WTD roaming on high-fenced deer farms in northern Florida have been found to have higher exposure to EHDV than wild deer inhabiting state-managed properties nearby [14]. However, little is known about what may drive those differences in exposure. Density can be a major driver of disease prevalence in a population, as exemplified in a Reunion Island study where sheep, goat, and cattle herds from regions with relatively high cattle density had high EHDV seroprevalence [15]. Cauvin et al. [14] examined the higher density of a farmed deer population vs. wild could explain greater EHDV exposure amongst farmed deer. However, other factors besides population density are important for disease transmission.
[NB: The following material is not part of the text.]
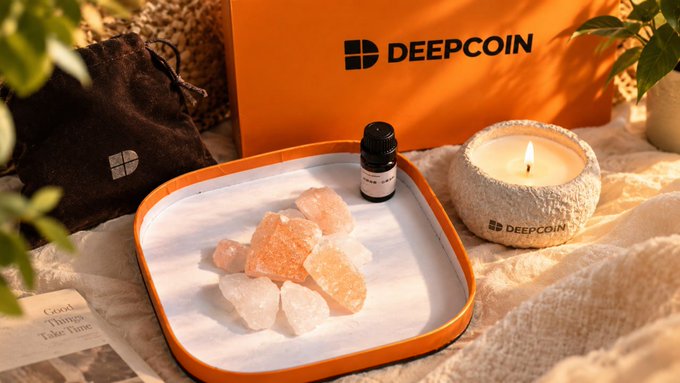 A cozy flat-lay featuring an orange tray holding orange and white crystalline stones, a small bottle, and a lit candle in a 'DEEPCOIN' branded stone holder, with a 'DEEPCOIN' bag in the background and a card reading 'Good Things Take Time'.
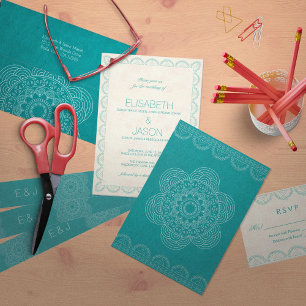 Mandala Summer Garden Chic Wedding Einladung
Quantifying how a host animal uses space during the EHDV transmission season can be important for relating animal movement behaviors to disease risk and may elucidate disease ecology by revealing when and where transmission may occur [16, 17]. Several published studies linking animal movement to disease risk exist for indirect transmission of environmentally mediated pathogens, where animals contact the pathogen during foraging or exploring. For example, Brook et al. [18] quantified co-mingling of elk and WTD with cattle to assess the potential for bovine tuberculosis transmission and found that it was higher from WTD, as no GPS-collared elk locations overlapped with cattle winter feeding areas but about one-fifth of GPS-collared WTD locations did. Fewer studies have evaluated movement ecology relative to vector-borne diseases; many of those focus on bird-mosquito interaction. In a study on West Nile Virus (WNV), crow movements were monitored to estimate how birds may move the virus between locations/habitats (foraging and roosting areas) [19]. That same study characterized bird behaviors during active viremia and noted that lethargic activity with limited insect avoidance could lead to increased mosquito feeding events and subsequent transmission. In another study, Janousek et al. [20] employed transmitters to link the roosting behaviors of seven North American avian WNV host species with host-seeking mosquito abundance. They found that mosquito abundance increased with roosting height and there were fewer mosquitoes per bird at communal roosts. Therefore, variation in fine-scale habitat use by hosts may influence vector-host interactions.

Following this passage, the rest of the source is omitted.